'''

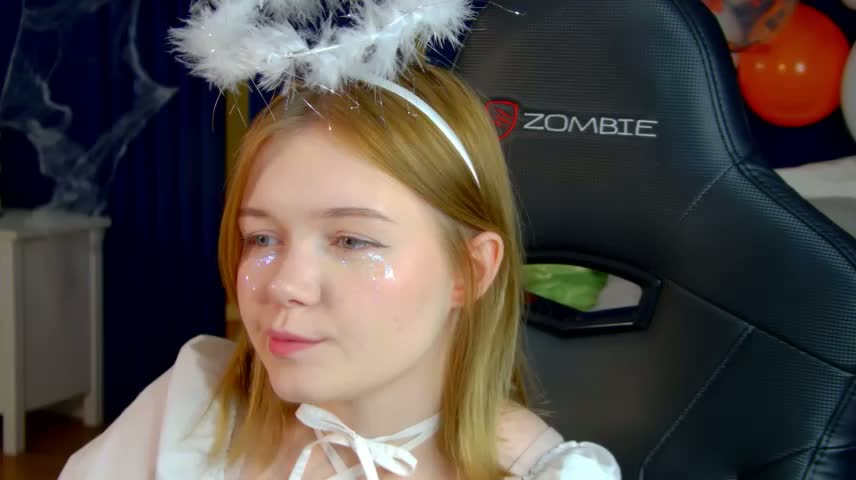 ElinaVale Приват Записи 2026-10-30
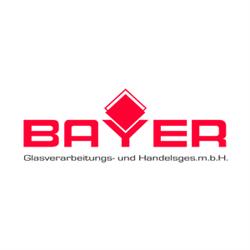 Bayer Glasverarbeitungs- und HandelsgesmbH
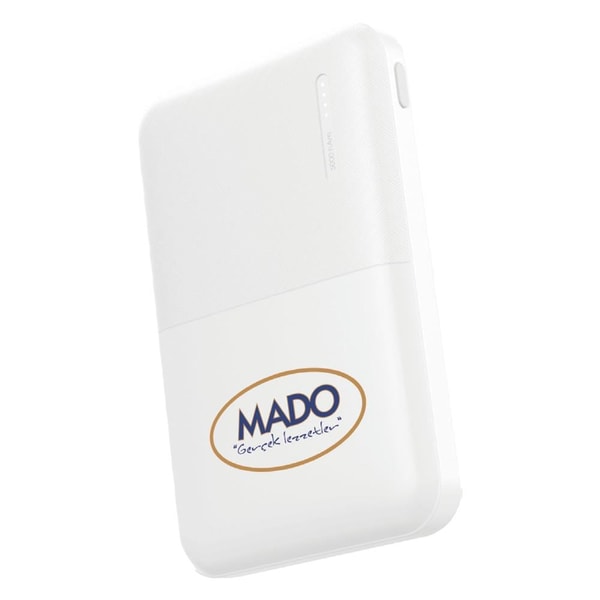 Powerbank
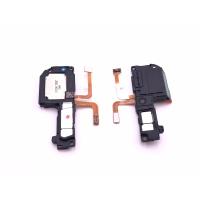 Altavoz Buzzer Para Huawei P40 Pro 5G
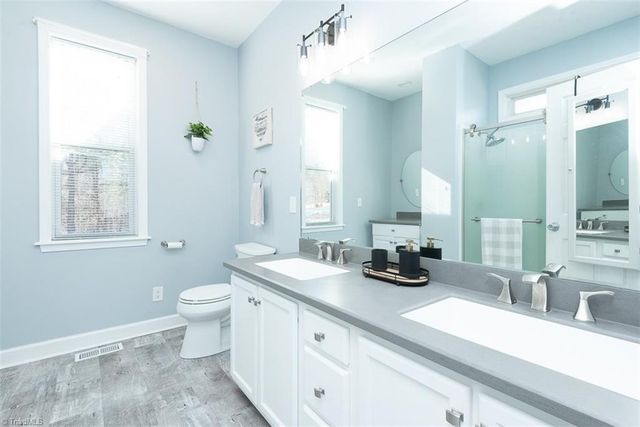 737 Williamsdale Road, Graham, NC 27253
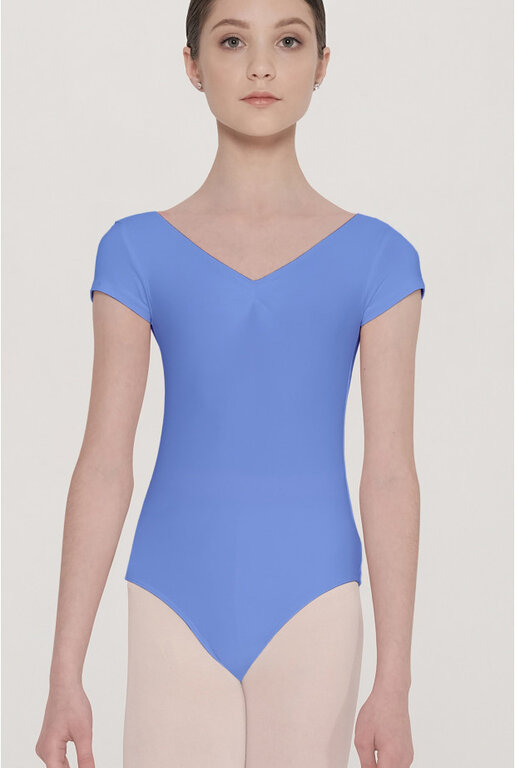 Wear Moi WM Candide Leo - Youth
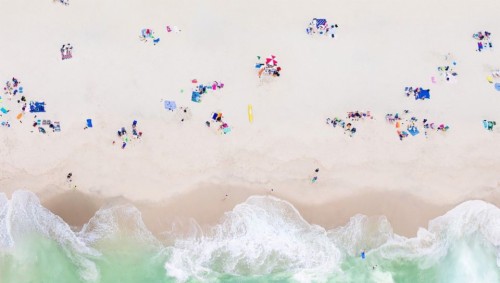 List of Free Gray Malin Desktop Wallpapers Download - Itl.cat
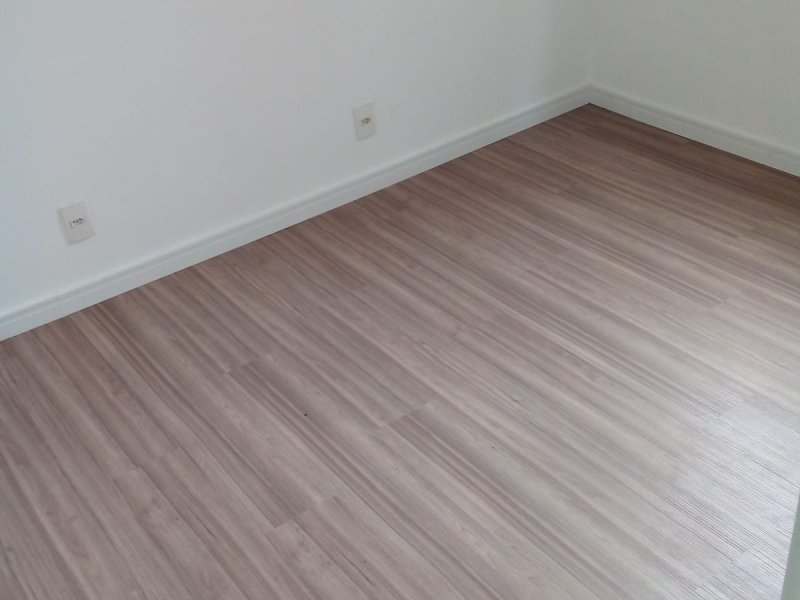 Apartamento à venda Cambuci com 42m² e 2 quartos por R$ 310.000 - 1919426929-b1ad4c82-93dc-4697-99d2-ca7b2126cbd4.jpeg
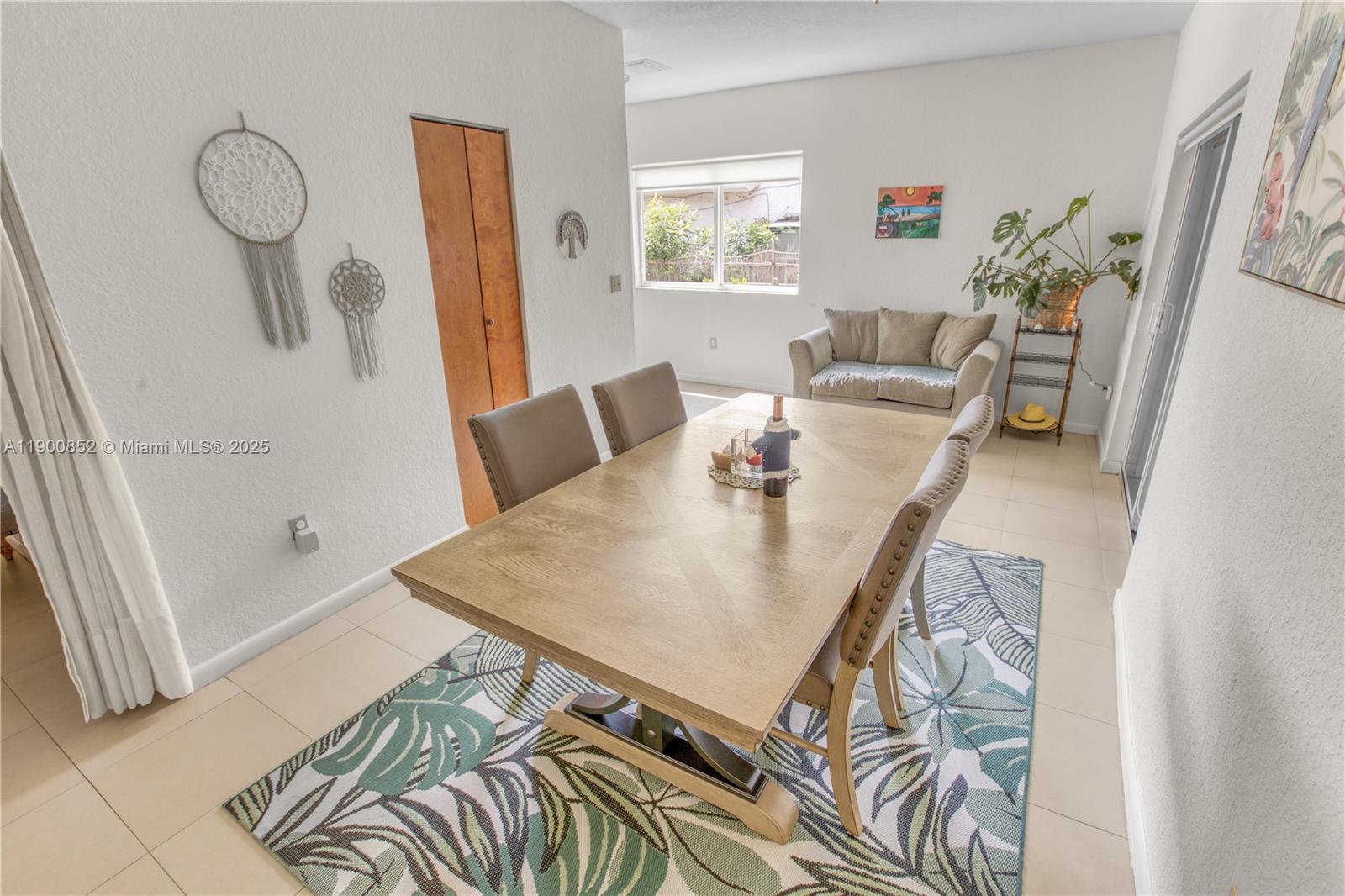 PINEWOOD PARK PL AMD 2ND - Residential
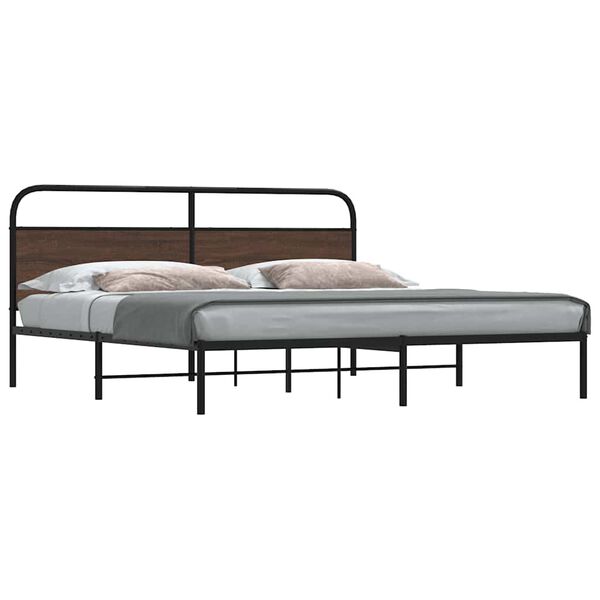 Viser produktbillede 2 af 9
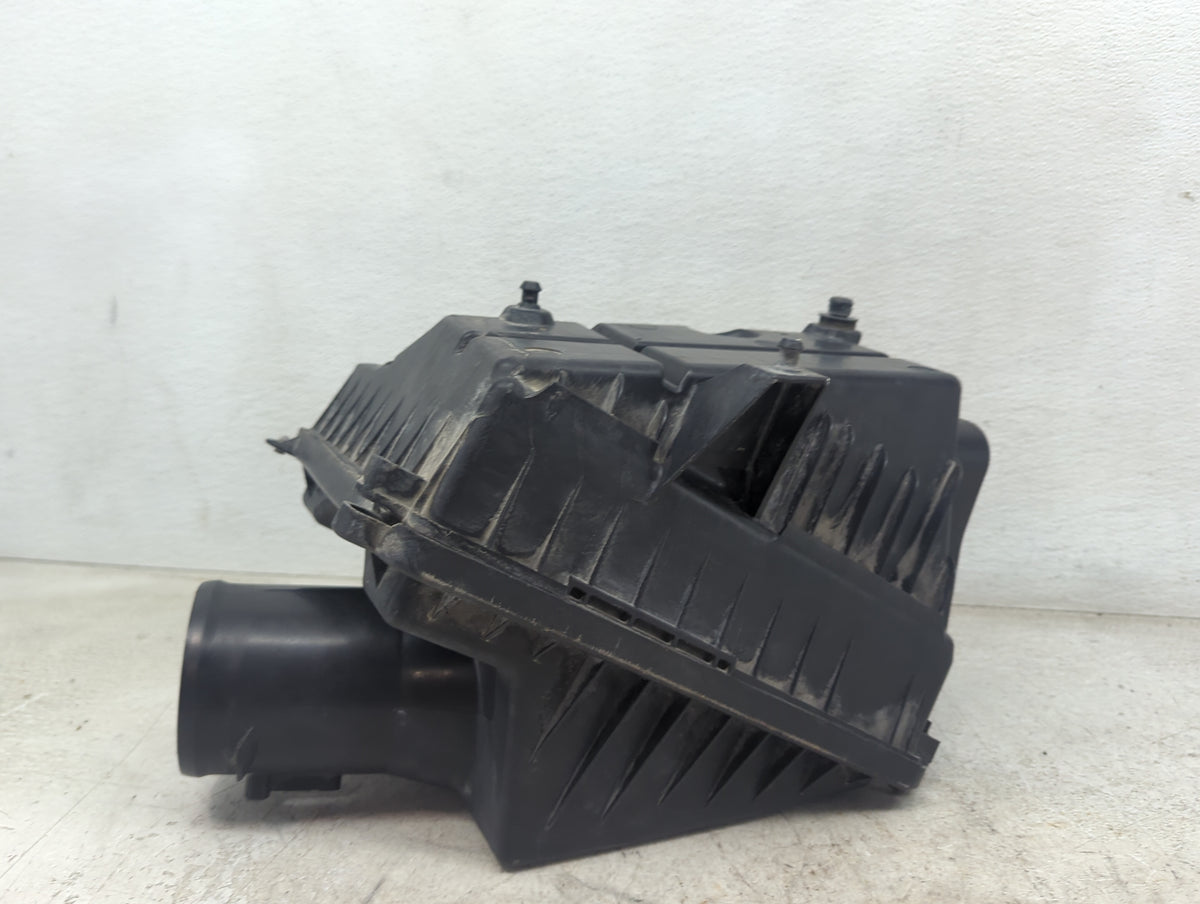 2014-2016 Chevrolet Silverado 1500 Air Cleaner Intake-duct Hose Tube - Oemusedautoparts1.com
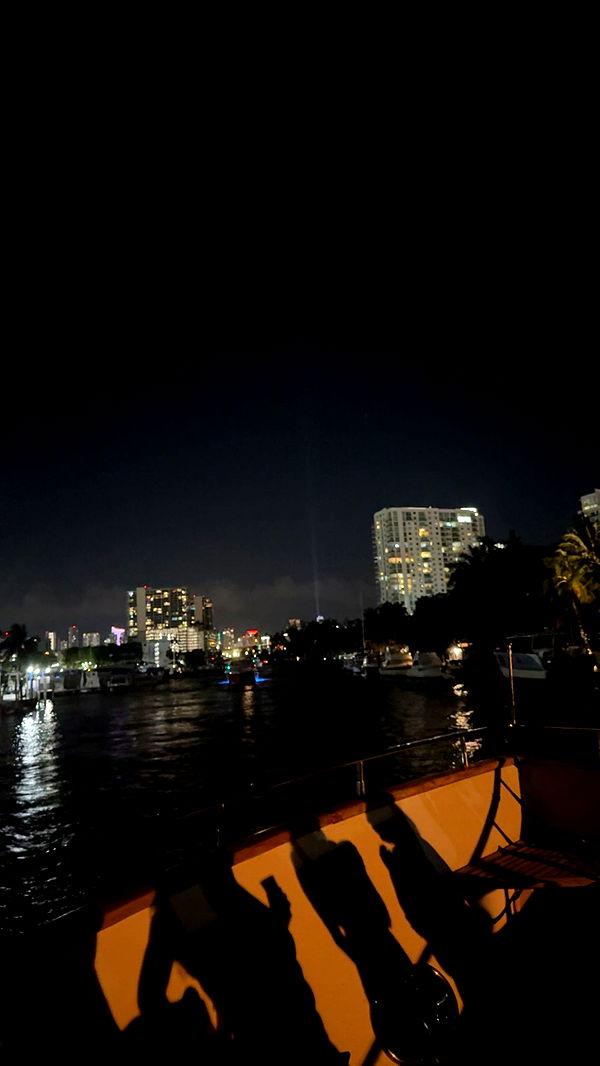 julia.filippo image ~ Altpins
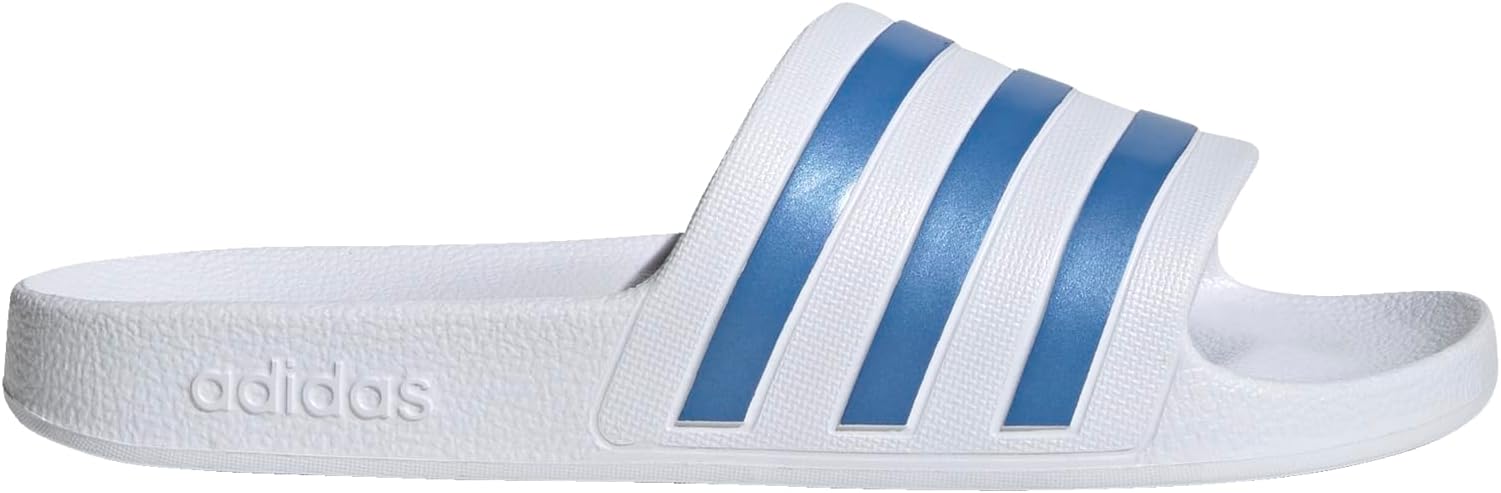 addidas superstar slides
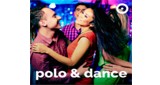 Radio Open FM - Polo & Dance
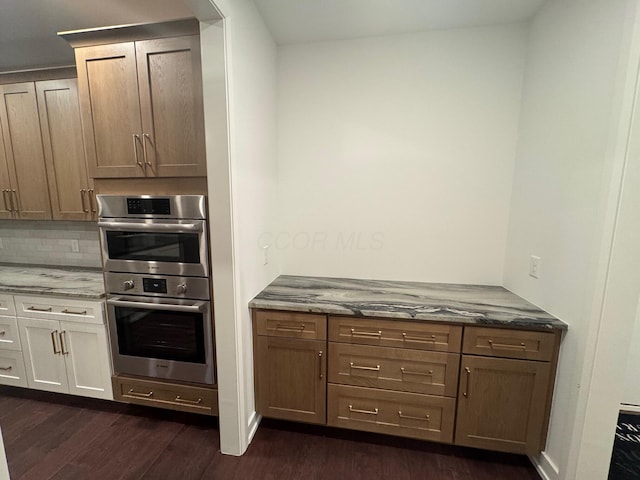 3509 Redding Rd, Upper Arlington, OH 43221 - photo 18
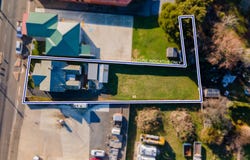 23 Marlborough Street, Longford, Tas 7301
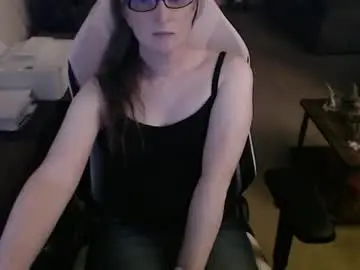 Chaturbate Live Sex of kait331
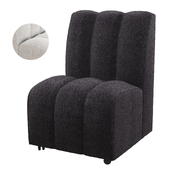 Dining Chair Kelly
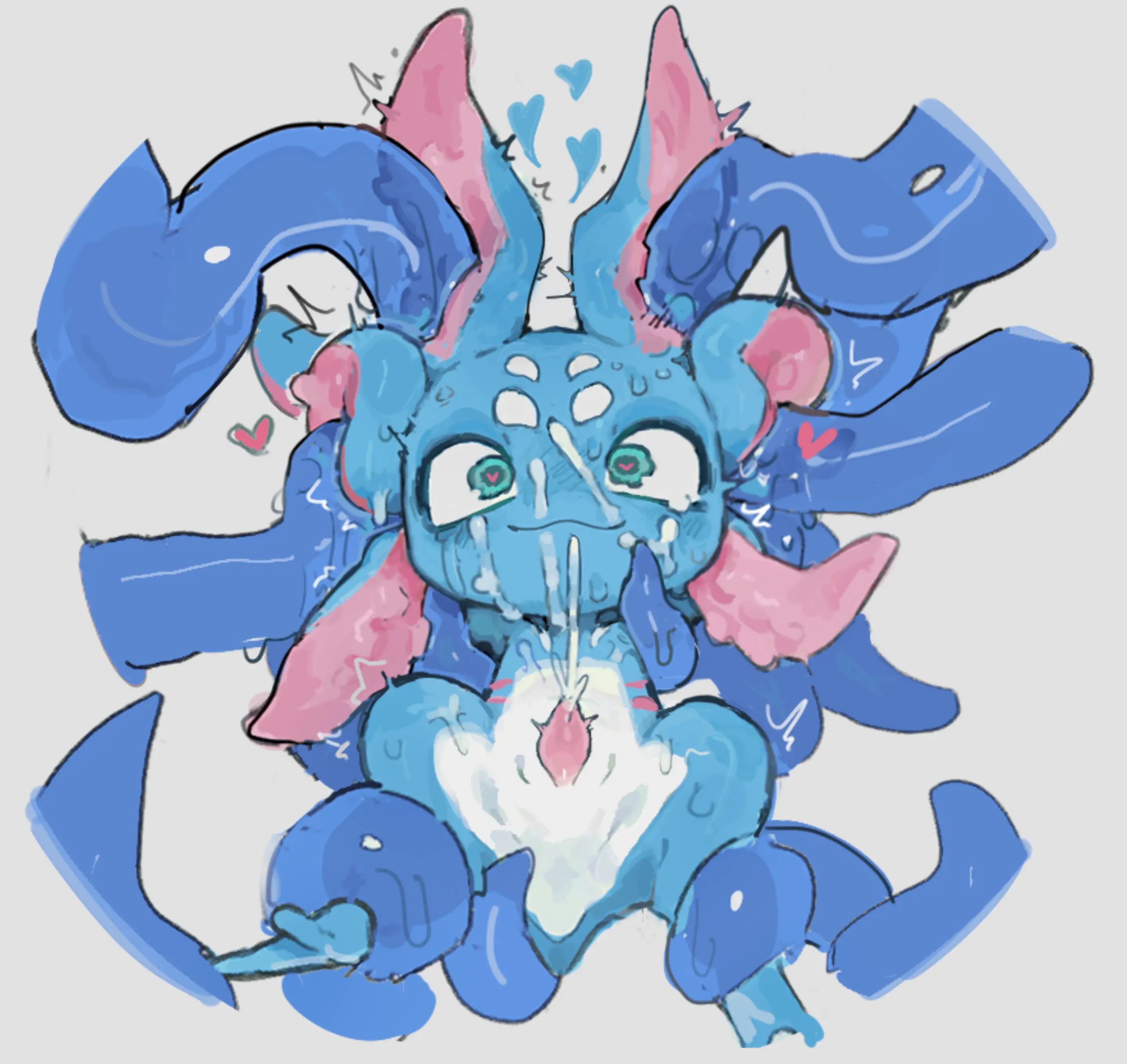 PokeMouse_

'''

PROBLEM STATEMENT
Now transcribe the lines above exactly, starting at the line containing "Bayer Glasverarbeitungs- und HandelsgesmbH" and ending at the line containing "Viser produktbillede 2 af 9", both lines included, pictures excluded.

EXPECTED ANSWER
 Bayer Glasverarbeitungs- und HandelsgesmbH
 Powerbank
 Altavoz Buzzer Para Huawei P40 Pro 5G
 737 Williamsdale Road, Graham, NC 27253
 Wear Moi WM Candide Leo - Youth
 List of Free Gray Malin Desktop Wallpapers Download - Itl.cat
 Apartamento à venda Cambuci com 42m² e 2 quartos por R$ 310.000 - 1919426929-b1ad4c82-93dc-4697-99d2-ca7b2126cbd4.jpeg
 PINEWOOD PARK PL AMD 2ND - Residential
 Viser produktbillede 2 af 9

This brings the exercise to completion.